The upside is that the CIL code, because it is compiled at run-time (when the user executes the program) into machine code rather than by the programmers right away, it can do things like examine what type of machine it is running on and then try to optimize the actual machine code for that type of machine. Another cool thing (I guess), is that since multiple languages are part of .NET and all compile to the CIL, technically your buddy can program in Visual Basic.NET and you can program in C#, and they will end up being the exact same code anyway and can be packaged/work together pretty easily.


That's all I'm going to explain because other things get murky, if you go check StackOverflow, you'll find guys arguing back and forth about the pros and cons of all of this, and whether or not the CIL code resembles "Bytecode" which is basically Java's version of the CIL.

And don't feed into the hype, we're all entitled to our own opinions of course, but I'm of the school-of-thought of Casey when he thinks the whole .NET/JVM thing is a load of crap, but that's just me. That said, I am a C# programmer and I do use C#, I just prefer C whenever possible. In the end, if you are satisfied and the game works well, who cares? :)


*I've heard it's possible to actually pre-compile C# code into actual machine-code ahead of time but I've never done this and it doesn't seem to be a widespread practice. Even still, not sure how that would align with C code.
mmozeiko
Mārtiņš Možeiko
1251 posts
1 project
#9796 Can I learn how to make game engine with handmade hero while using some other language (C#)
3 months, 2 weeks ago Edited by Mārtiņš Možeiko on Dec. 13, 2016, 5:16 a.m.

Todd:
Because of the bloat required to run the CIL/C# code, for example, you cannot program small embedded devices which have limited memory with C# because they cannot fit the .NET runtime crap on their chips.

Oh yes you can - https://developer.microsoft.com/en-us/windows/iot

Typically for these devices you do AOT instead of JIT. Ahead of time compilation.

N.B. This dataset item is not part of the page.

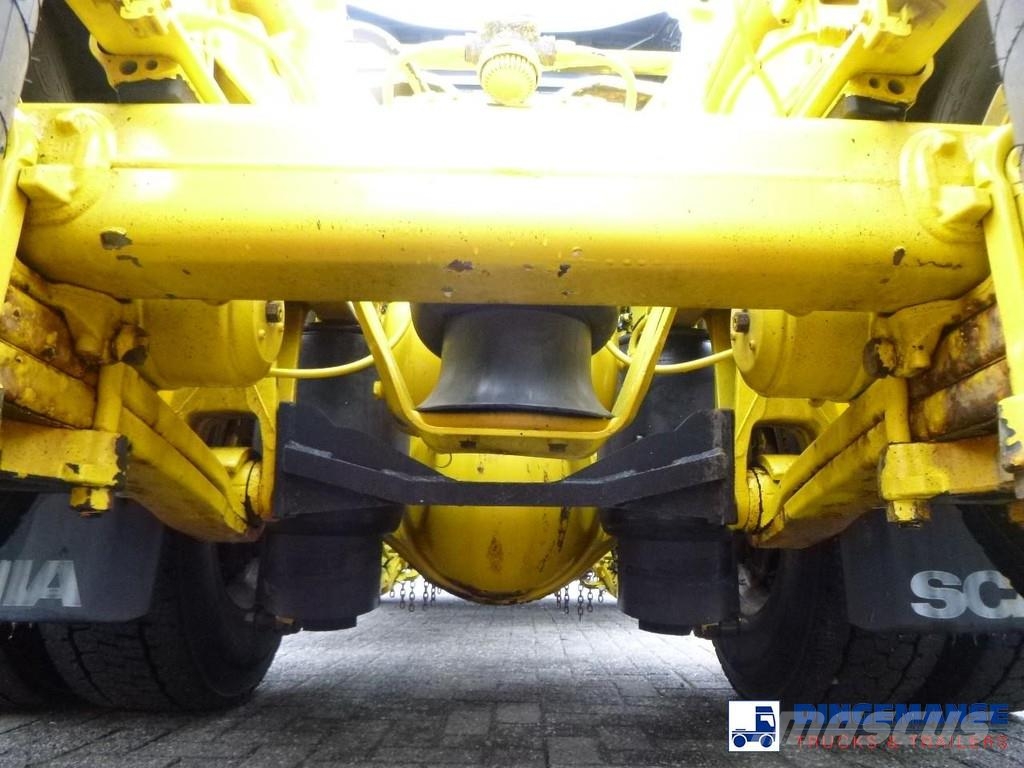 Scania R 730 6X2 E6 ADR + Ret. Hydraulics 2e pto Vilcēji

Pretty much do all the work (and more) that JIT does at runtime, but do that on your dev machine, and deploy only native code (+metadata). Xamarin does this with Mono for deploying .NET apps on iOS devices (because JIT on iOS is not allowed).

You can easily nowadays do AOT for desktop apps with .NET Native toolchain: https://msdn.microsoft.com/library/dn584397.aspx There are alternative compilers like LLILC: https://github.com/dotnet/llilc
Todd
71 posts
#9797 Can I learn how to make game engine with handmade hero while using some other language (C#)
3 months, 2 weeks ago Edited by Todd on Dec. 13, 2016, 8:35 a.m.

Hence I said:

Todd:
*I've heard it's possible to actually pre-compile C# code into actual machine-code ahead of time but I've never done this and it doesn't seem to be a widespread practice. Even still, not sure how that would align with C code.


I've heard about AOT, but that's it. I prefer native so I have no reason to do it. If you need to do it for your project or at work or whatever, be my guest. Microsoft IMO has made great strides and they're doing a fantastic job with open source, .NET Core, and that Win 10 IOT system you showed looks awesome as well. However, at the end of the day, they are MS and they have a corporate agenda which is why I try to steer clear when I can. But I'm also somewhat paranoid.